Lots of people stayed up overnight to hack mobile applications and there were some very cool results.
I tried out building a mobile widget using the Nokia Web Runtime. This is an application environment on recent Nokia Series 60 devices that uses the WebKit browser with various extensions. You write widgets for it using JavaScript, XHTML and CSS (just like any other widget, but, as always, slightly different to the other formats). In fact, I started off building the widget using Apple’s DashCode — a web application builder for the iPhone. This comes with an interface builder that allows you to drag and drop controls onto the screen and wire them together.

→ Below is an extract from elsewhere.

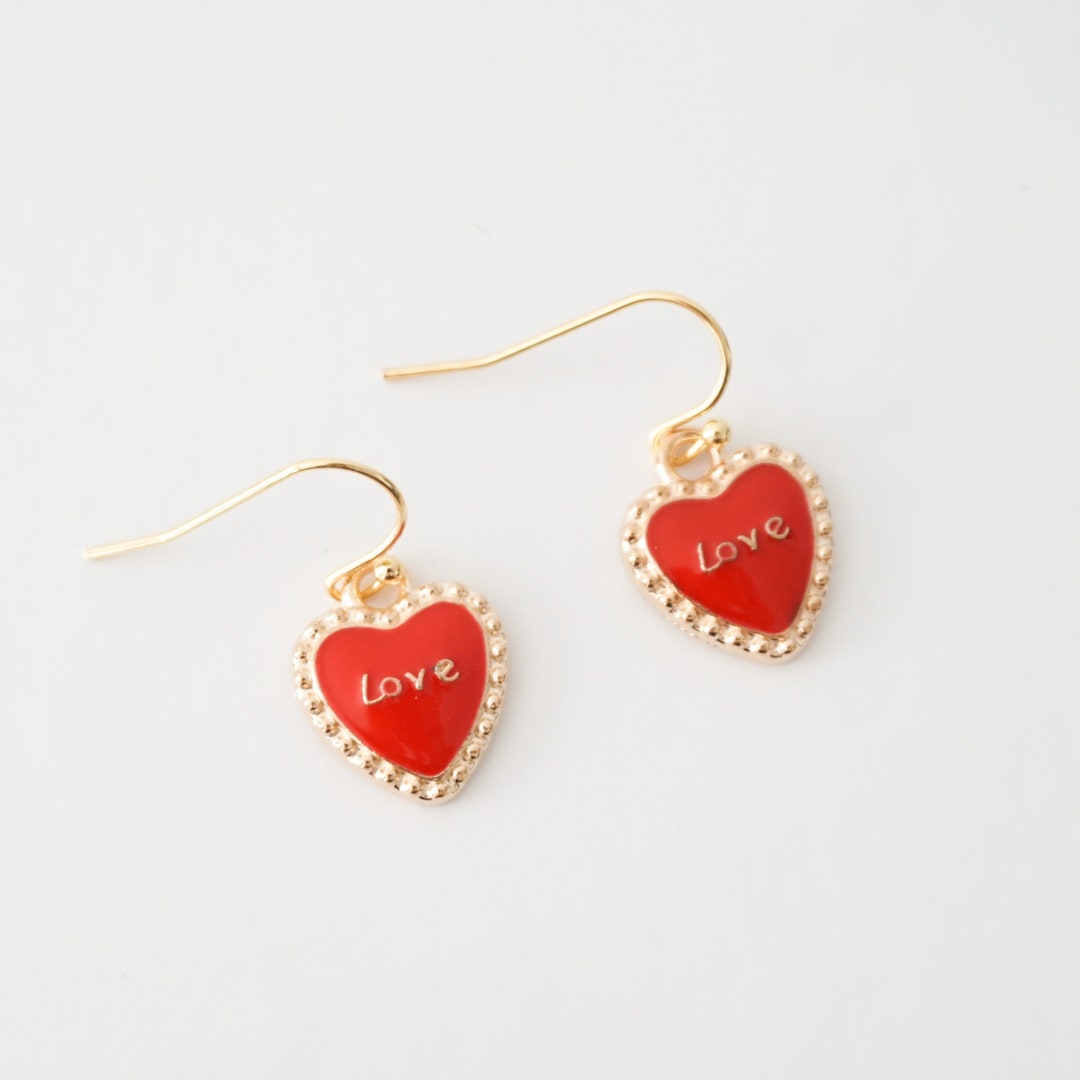 Valentine Earrings Heart Earrings Gold Earrings Gifts for Her ...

Getting the control logic to work took a bit of getting used to — as with all interface frameworks, there’s a learning curve where you build up understanding of how the pieces are supposed to fit together. In the DashCode case, this isn’t helped by the lack of any documentation for the interface controls. However, the development environment more than made up for this — there’s a very capable Javascript debugger, complete with an interactive console, and it’s very easy to start and stop your widget in the iPhone emulator.
I used prototype to power up the Javascript side — making the Ajax calls to our server much easier and enabling some mucking around with the results to provide some pretty formatting.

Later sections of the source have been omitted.